# Tom Rapid's pro RP3 .... Thoughts?



## Nickz (Apr 27, 2011)

So ive decided to upgrade my tank soon and was looking into Canister filter options.If you guys got any filters you recommend just shout them out.
I dont know what filter to really look at or decide on please help me out.
This will be a FW set up

1.Tom's Rapids pro RP3 (apparently comes with a 700gph pump)
- $219.39 (free shipping)


----------



## laurahmm (Apr 1, 2010)

I love ehiem's. They are well made and last years. I still have one that I bought 10 years ago and it's still working. The standard ones are ehiem 2213, 2215 and 2217 depending on the size of your tank.


----------



## george (Apr 11, 2009)

I second on eheim.

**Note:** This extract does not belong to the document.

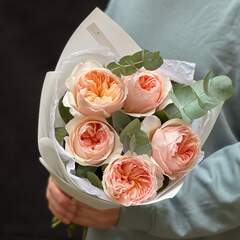 5 піоновидних троянд Juliet у букеті «Вінтажна перлинка»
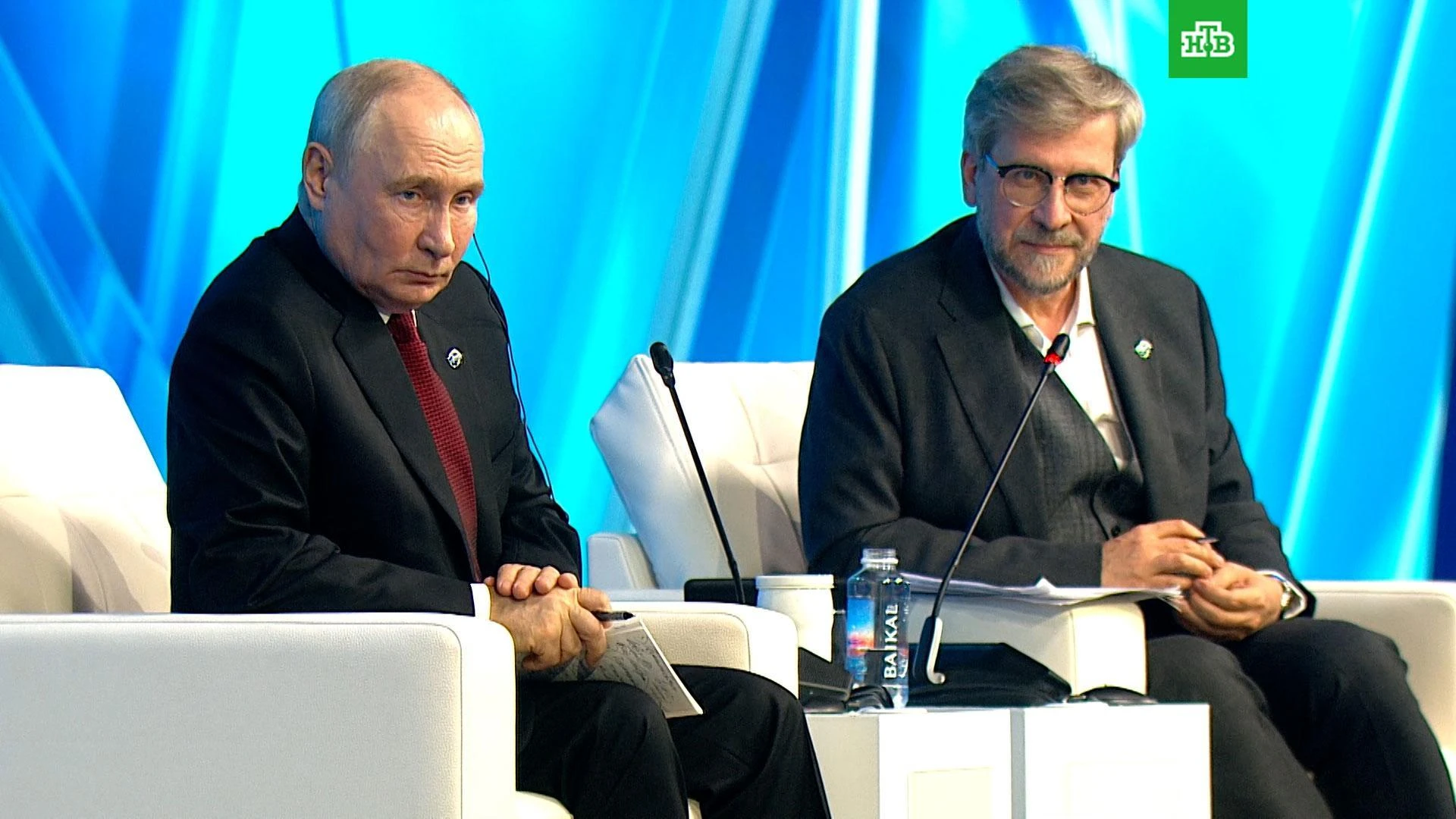 Путин: мы готовы к мирным переговорам, но с учетом национальных интересов России.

They are quiet too.


----------



## default (May 28, 2011)

eheims FTW. although every filter is made differently, never expect a eheim to be what some people hype it up to be. its not dead silent. you get noise, however in a cabinet with surrounding noise you wont even know its on. i was researching my first canister a while back as well. looked at all the brands, asked some people, everything turned up mixed reviews. toms, rena, fluval, marineland. etc.etc. was gonna stick to a sump design, but everyone liked the eheims, so i ended up getting a 2213 and 2215, and loving it. i encourage you invest the money in a trusty eheim.
-good luck!


----------



## Roberacer1 (Aug 21, 2010)

*canisters*

I've had experience with all of the majors. All in all I have found the Eheims to be best. The balast on one of my tanks makes more noise than the filter after it has worked the air out of it. That and the water is just filtered better over all.


----------



## 1nvad3r (Jan 12, 2010)

EHEIM all the way


----------



## bigfishy (Jun 19, 2009)

Eheim is alright, but I hate the design of 2215 and 2217, because they don't have the basket and it's a hassle to clean 

The Eheim pro 3 / e series are good, but it is very expensive

The filter that I like the most is Filstar Rena, because they are quiet, easy to maintain and affordable pricing


----------



## Lee_D (Jun 11, 2010)

I also like the Rena. They tend to have an airleak when you first set them up but it clears after a couple of days. I like the baskets and ease of use.

Lee


----------